Published On: October 16th, 2019Categories: California News

RIDGECREST — Jim Combs crouched down to peer under his damaged mobile home ripped from its foundation in July by a powerful earthquake that sent it sliding nearly 2 feet away.

The metal jacks holding up the home had collapsed. Steel binding straps failed. His mobile home has been red-tagged since July 5, rendered inhabitable by a 7.1 quake that evening that bounced buildings, caused fires and frayed nerves in this town. The mainshock was felt by 30 million people in Southern California and parts of Nevada, Arizona and Mexico.

More than three months later, on Monday, Oct. 14, Combs, 69, is still waiting for his home to be fixed, sleeping on his porch by day and in his car at night.

RELATED: What you should — and should not — do during an earthquake

The slight man, whose warm smile pokes from behind a Santa Claus-like beard, has no home owner’s insurance, lives on a fixed income and can’t afford the needed home repairs. While volunteers work on finding cash and willing contractors to do the work, he recounts his experience with several “thank you, Lords,” raising eyes skyward while evoking a come-what-may demeanor.

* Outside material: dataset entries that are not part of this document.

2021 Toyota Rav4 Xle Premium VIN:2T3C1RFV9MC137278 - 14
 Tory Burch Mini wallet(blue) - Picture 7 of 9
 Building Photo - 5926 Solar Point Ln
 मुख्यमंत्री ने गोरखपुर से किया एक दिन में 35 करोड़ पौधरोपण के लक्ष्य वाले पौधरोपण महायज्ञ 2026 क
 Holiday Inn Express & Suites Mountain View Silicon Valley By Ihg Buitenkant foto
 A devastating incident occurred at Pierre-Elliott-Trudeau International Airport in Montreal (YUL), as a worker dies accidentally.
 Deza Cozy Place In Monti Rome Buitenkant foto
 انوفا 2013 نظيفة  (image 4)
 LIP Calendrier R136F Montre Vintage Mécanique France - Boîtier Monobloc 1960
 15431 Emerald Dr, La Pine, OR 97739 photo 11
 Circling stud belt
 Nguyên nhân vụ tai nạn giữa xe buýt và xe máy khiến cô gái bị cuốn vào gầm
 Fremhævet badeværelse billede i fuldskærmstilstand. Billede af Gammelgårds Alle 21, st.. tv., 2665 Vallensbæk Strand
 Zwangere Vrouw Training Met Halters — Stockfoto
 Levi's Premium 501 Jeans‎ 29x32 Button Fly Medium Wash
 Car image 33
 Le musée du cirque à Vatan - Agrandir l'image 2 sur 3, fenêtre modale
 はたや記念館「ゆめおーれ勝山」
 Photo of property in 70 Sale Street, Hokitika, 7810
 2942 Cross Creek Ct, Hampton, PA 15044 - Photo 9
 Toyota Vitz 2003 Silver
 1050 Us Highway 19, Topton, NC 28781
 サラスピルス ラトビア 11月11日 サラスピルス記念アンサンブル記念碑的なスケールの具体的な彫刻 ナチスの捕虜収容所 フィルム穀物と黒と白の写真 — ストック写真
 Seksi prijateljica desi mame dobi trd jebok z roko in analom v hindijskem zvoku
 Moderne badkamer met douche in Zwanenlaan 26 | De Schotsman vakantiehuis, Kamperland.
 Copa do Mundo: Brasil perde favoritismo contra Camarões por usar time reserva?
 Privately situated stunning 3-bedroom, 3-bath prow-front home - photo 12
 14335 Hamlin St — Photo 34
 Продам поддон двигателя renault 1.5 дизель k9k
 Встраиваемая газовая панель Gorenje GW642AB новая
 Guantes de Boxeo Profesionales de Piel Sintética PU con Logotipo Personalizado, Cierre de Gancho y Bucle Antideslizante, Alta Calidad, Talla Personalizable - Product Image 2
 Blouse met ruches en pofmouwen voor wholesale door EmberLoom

“You just got to live with it — and deal with it,” Combs said Monday, when asked about life in Ridgecrest, where earthquakes swarm literally every day on the active Eastern California Shear Zone — sometimes erupting with the energy of a major quake.

Life lessons from quake country

The people of Ridgecrest, a town of 33,723, and of Trona, 30 miles southeast with a population less than 2,000, suffered the brunt of a 6.4 quake on July 4, a foreshock to the more powerful mainshock that struck around 8 p.m. July 5. With the epicenter of the second, larger quake about 10 miles from Ridgecrest in Kern County, it’s a minor miracle no one was killed or seriously injured, residents say.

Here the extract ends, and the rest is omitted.